_Required action_
Copy the following data exactly and drop the pictures.

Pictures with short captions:
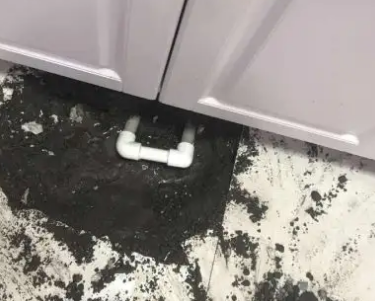 河源市查漏水哪家好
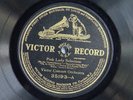 78 RPM 12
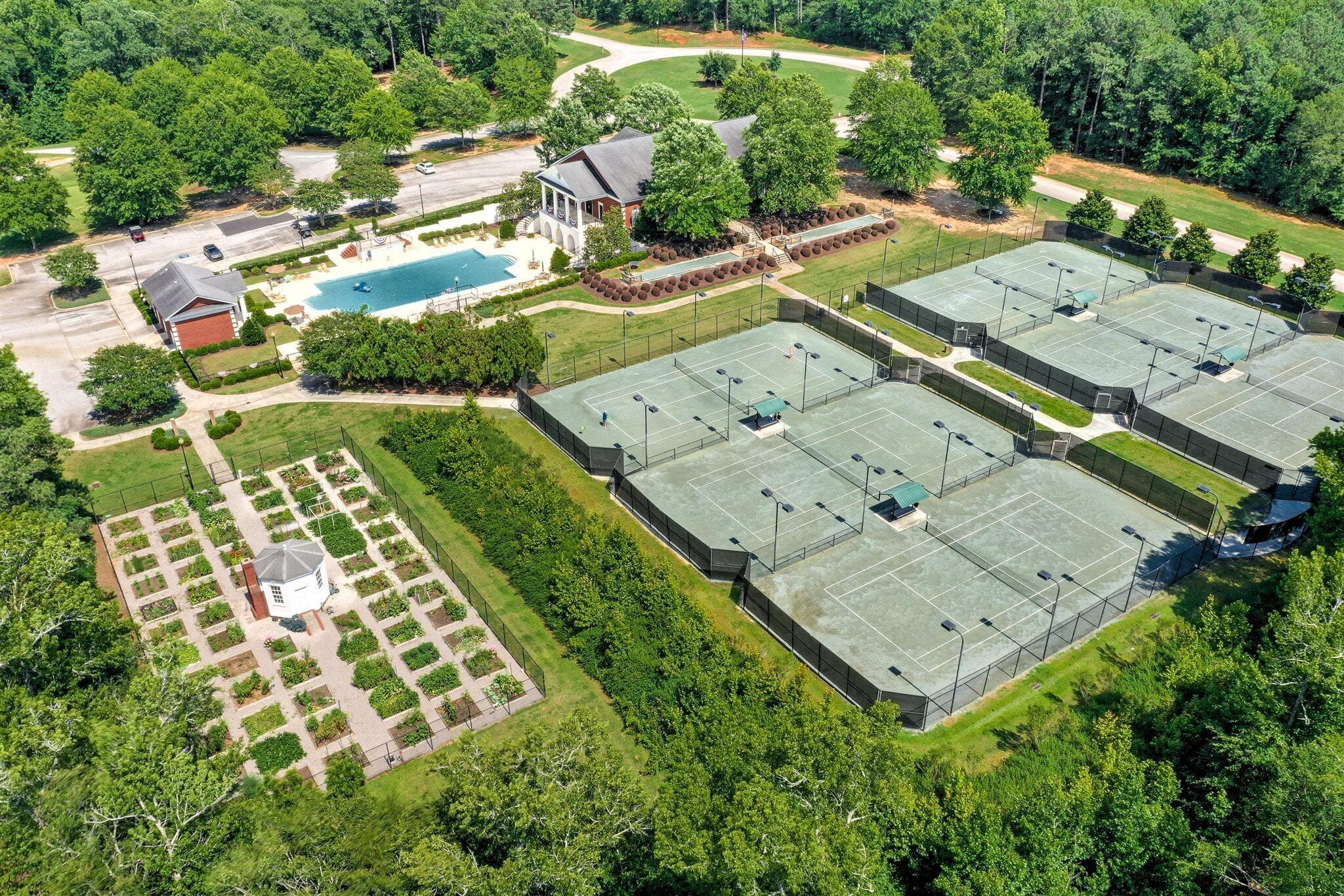Residential Lot at Lot N-030 N-030 Captain Johnsons Drive, North Augusta, SC 29860, photo 15 of 22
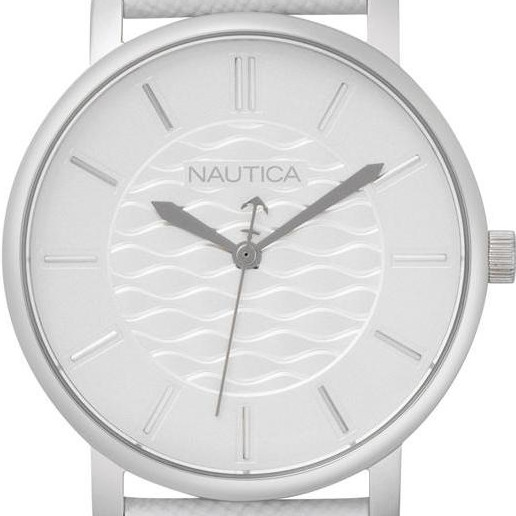 Nautica CORAL GABLES NAPCGS007 2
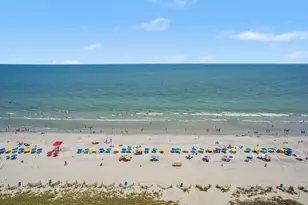 3000 N Ocean Blvd, Myrtle Beach, SC 29577 - Photo 5
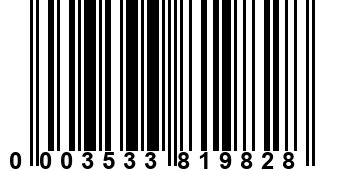 0003533819828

_Worked solution_
 河源市查漏水哪家好
 78 RPM 12
Residential Lot at Lot N-030 N-030 Captain Johnsons Drive, North Augusta, SC 29860, photo 15 of 22
 Nautica CORAL GABLES NAPCGS007 2
 3000 N Ocean Blvd, Myrtle Beach, SC 29577 - Photo 5
 0003533819828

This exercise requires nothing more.